Exercise requirements: Repeat the listing below in full and exactly, but without its pictures.

Information provided:
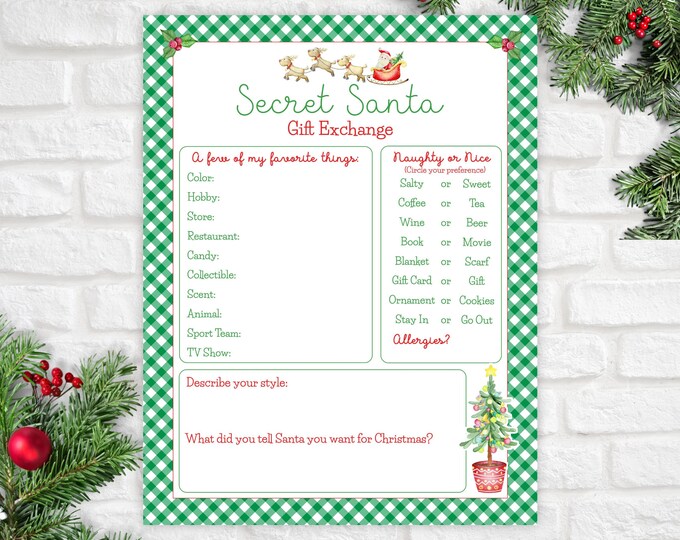 Secret Santa Questionnaire Printable, Secret Santa Form, Secret Santa for Work, Secret Santa Printable, Secret Santa Wish List, Christmas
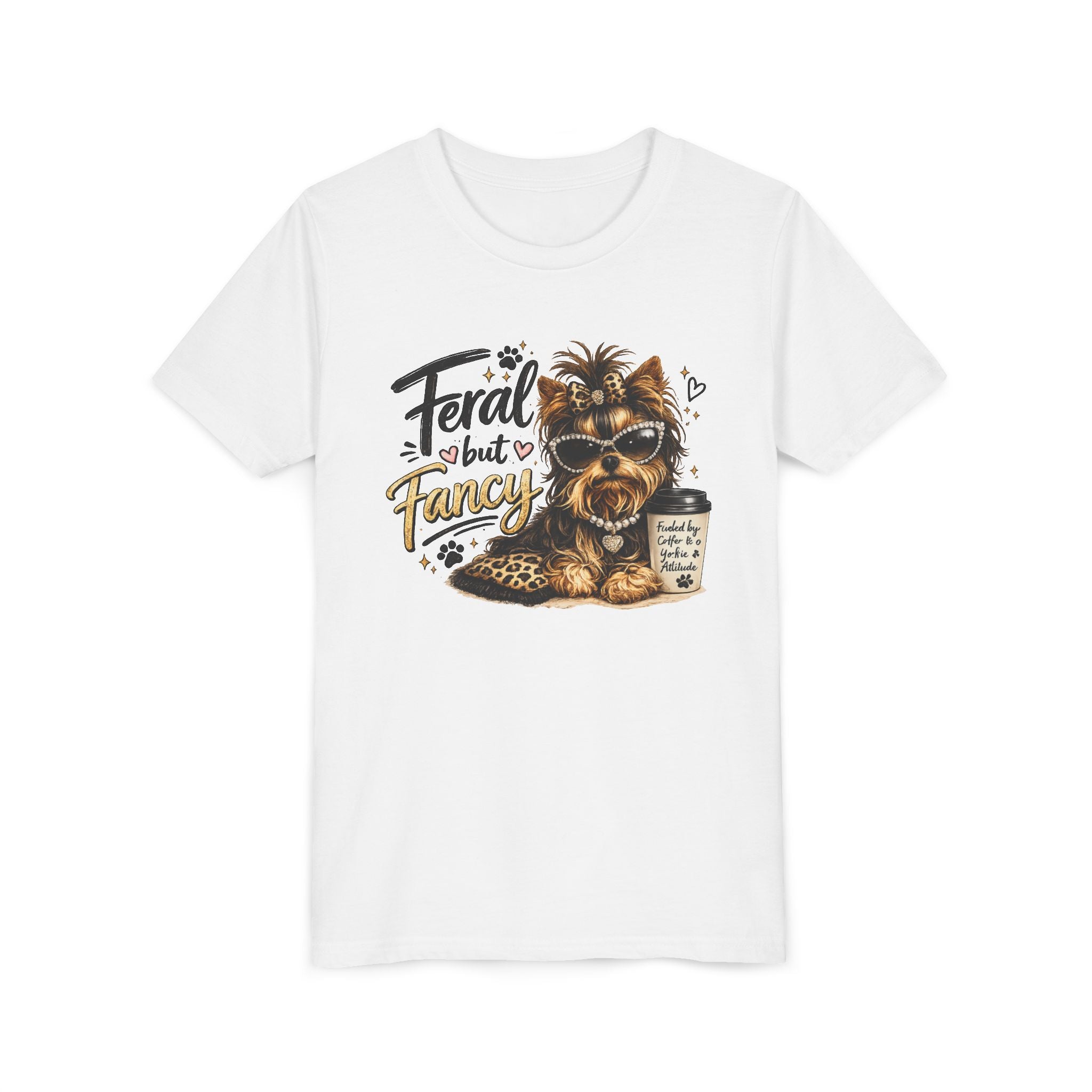 Yorkie youth Tee — "Feral but Fancy" Yorkie Graphic Shirt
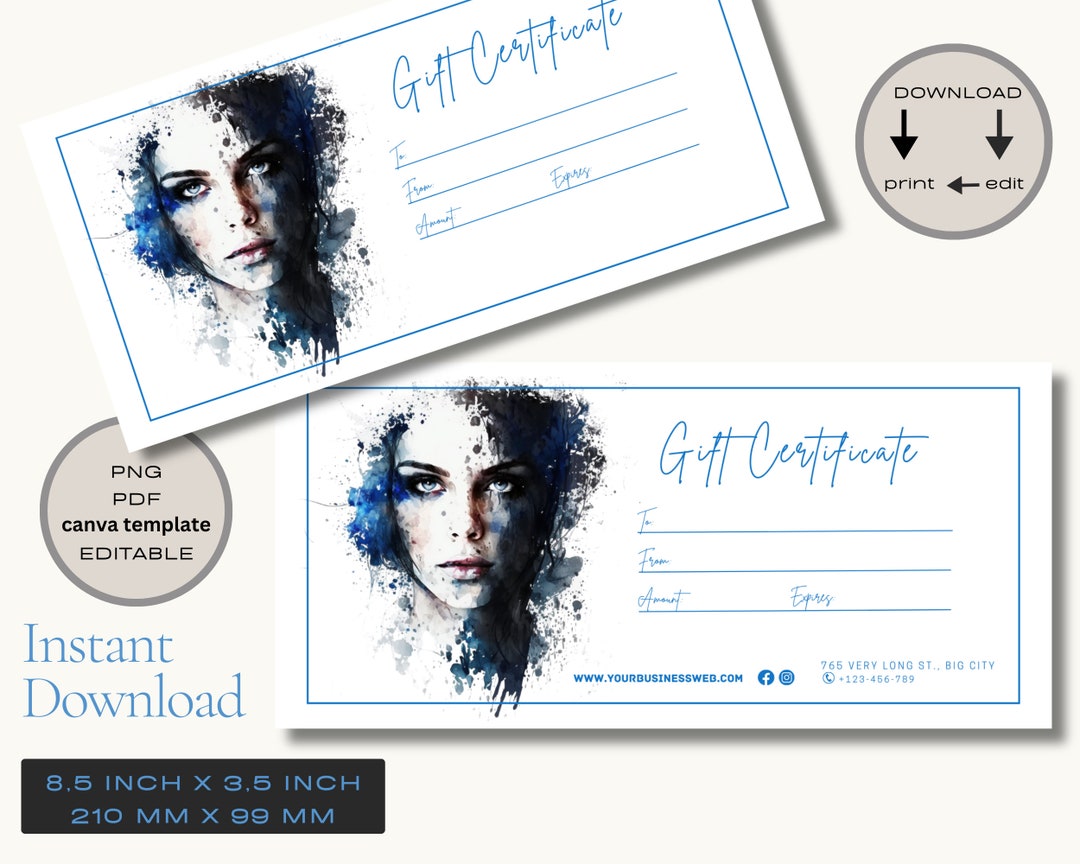 Spa Gift Card Template Canva Gift Certificate Template Canva - Etsy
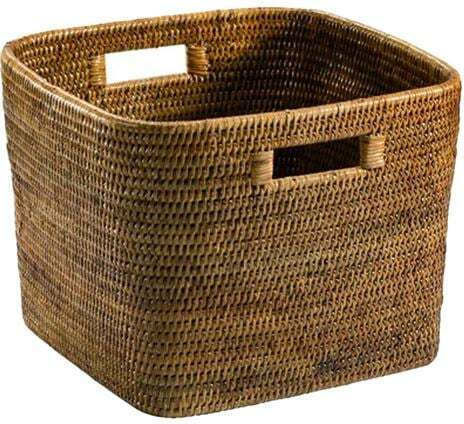 Cali Διακοσμητικό Καλάθι Rattan Καφέ 29x29x23εκ.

Result for this exercise:
 Secret Santa Questionnaire Printable, Secret Santa Form, Secret Santa for Work, Secret Santa Printable, Secret Santa Wish List, Christmas
 Yorkie youth Tee — "Feral but Fancy" Yorkie Graphic Shirt
 Spa Gift Card Template Canva Gift Certificate Template Canva - Etsy
 Cali Διακοσμητικό Καλάθι Rattan Καφέ 29x29x23εκ.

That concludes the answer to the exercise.